▸ EXERCISE PROMPT:
The lines in the listing below are to be given again exactly, starting at the line holding "RS-232 DF-1 is" and ending at the line holding "With XCC, we". Do not include pictures.

▸ RECORDS TO USE:
+-------+

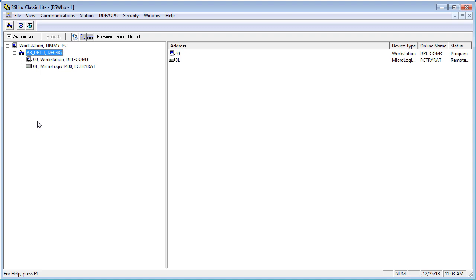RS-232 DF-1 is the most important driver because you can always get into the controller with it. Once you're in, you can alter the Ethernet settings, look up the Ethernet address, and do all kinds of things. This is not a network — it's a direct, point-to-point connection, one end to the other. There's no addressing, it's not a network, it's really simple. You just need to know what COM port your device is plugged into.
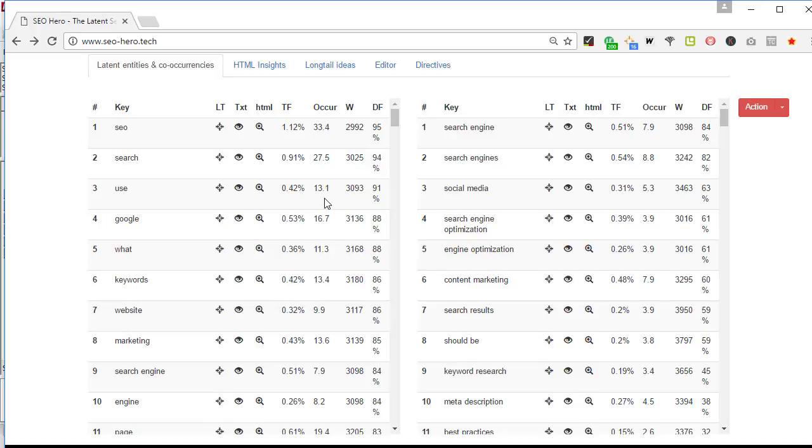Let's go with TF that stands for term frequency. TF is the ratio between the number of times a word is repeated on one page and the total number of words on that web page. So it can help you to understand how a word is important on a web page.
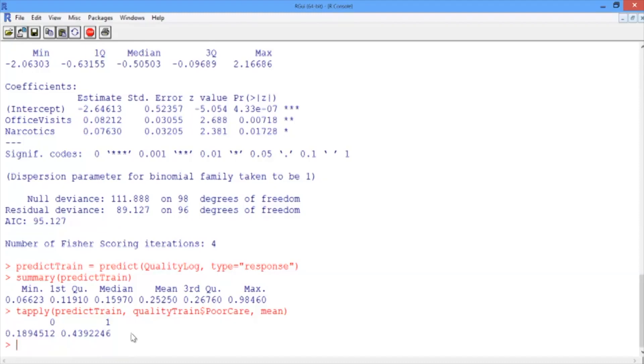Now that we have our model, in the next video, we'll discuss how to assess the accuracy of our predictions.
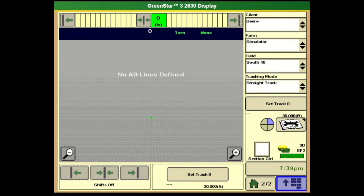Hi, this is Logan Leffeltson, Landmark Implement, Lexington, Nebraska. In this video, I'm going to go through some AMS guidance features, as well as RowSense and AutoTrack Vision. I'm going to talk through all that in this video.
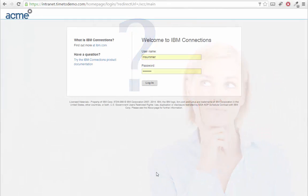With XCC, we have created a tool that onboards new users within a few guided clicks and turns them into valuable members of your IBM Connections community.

+-------+

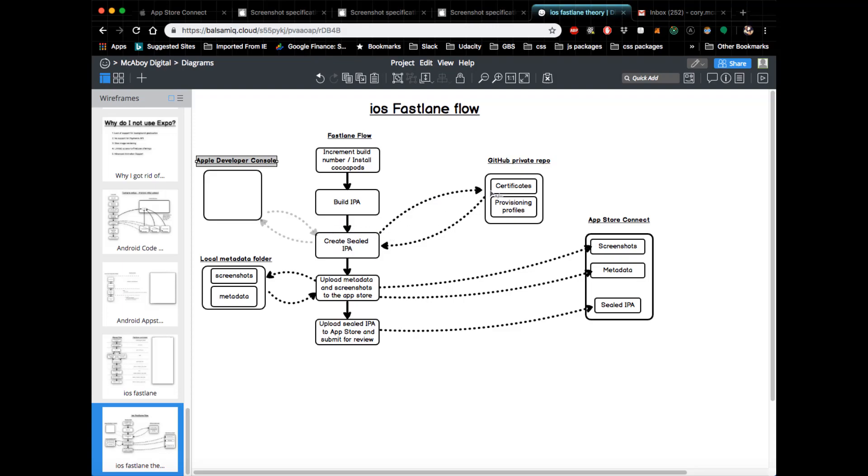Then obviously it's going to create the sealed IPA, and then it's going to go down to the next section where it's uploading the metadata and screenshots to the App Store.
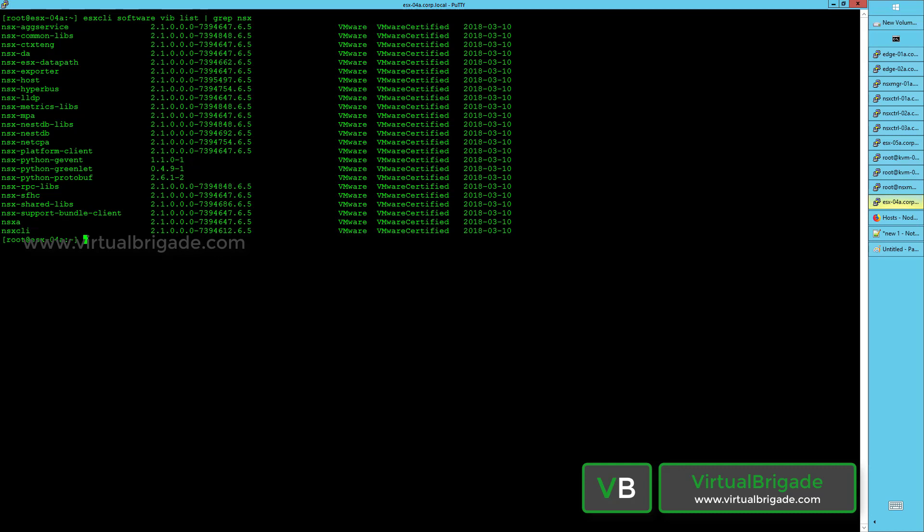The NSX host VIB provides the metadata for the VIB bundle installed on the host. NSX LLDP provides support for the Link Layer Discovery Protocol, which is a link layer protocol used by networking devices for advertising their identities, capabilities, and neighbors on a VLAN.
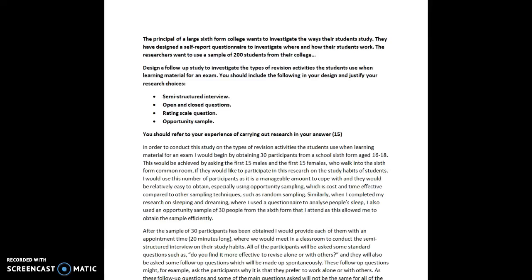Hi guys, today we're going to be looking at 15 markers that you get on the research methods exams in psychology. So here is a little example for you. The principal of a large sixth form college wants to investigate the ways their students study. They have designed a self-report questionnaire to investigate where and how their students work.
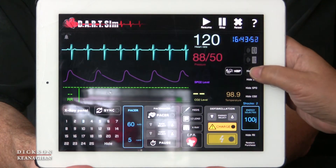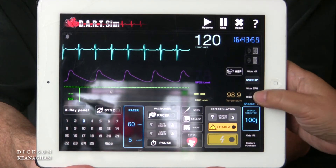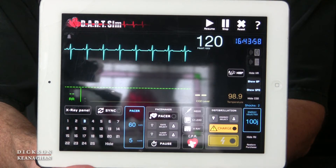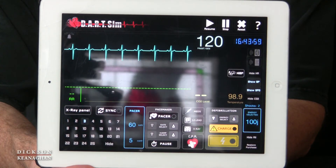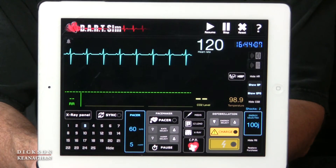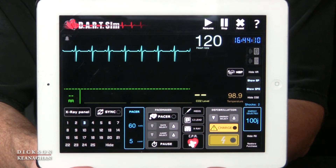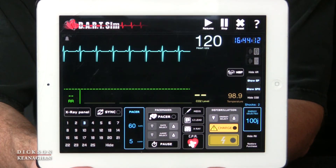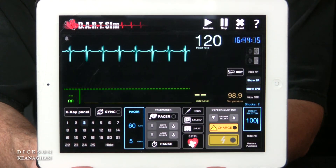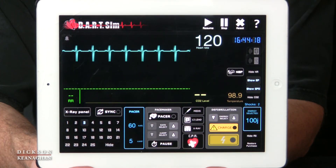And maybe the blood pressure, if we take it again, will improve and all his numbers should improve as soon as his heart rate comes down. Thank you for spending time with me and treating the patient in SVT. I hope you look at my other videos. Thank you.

+-------+

▸ FINISHED TASK:
RS-232 DF-1 is the most important driver because you can always get into the controller with it. Once you're in, you can alter the Ethernet settings, look up the Ethernet address, and do all kinds of things. This is not a network — it's a direct, point-to-point connection, one end to the other. There's no addressing, it's not a network, it's really simple. You just need to know what COM port your device is plugged into.
Let's go with TF that stands for term frequency. TF is the ratio between the number of times a word is repeated on one page and the total number of words on that web page. So it can help you to understand how a word is important on a web page.
Now that we have our model, in the next video, we'll discuss how to assess the accuracy of our predictions.
Hi, this is Logan Leffeltson, Landmark Implement, Lexington, Nebraska. In this video, I'm going to go through some AMS guidance features, as well as RowSense and AutoTrack Vision. I'm going to talk through all that in this video.
With XCC, we have created a tool that onboards new users within a few guided clicks and turns them into valuable members of your IBM Connections community.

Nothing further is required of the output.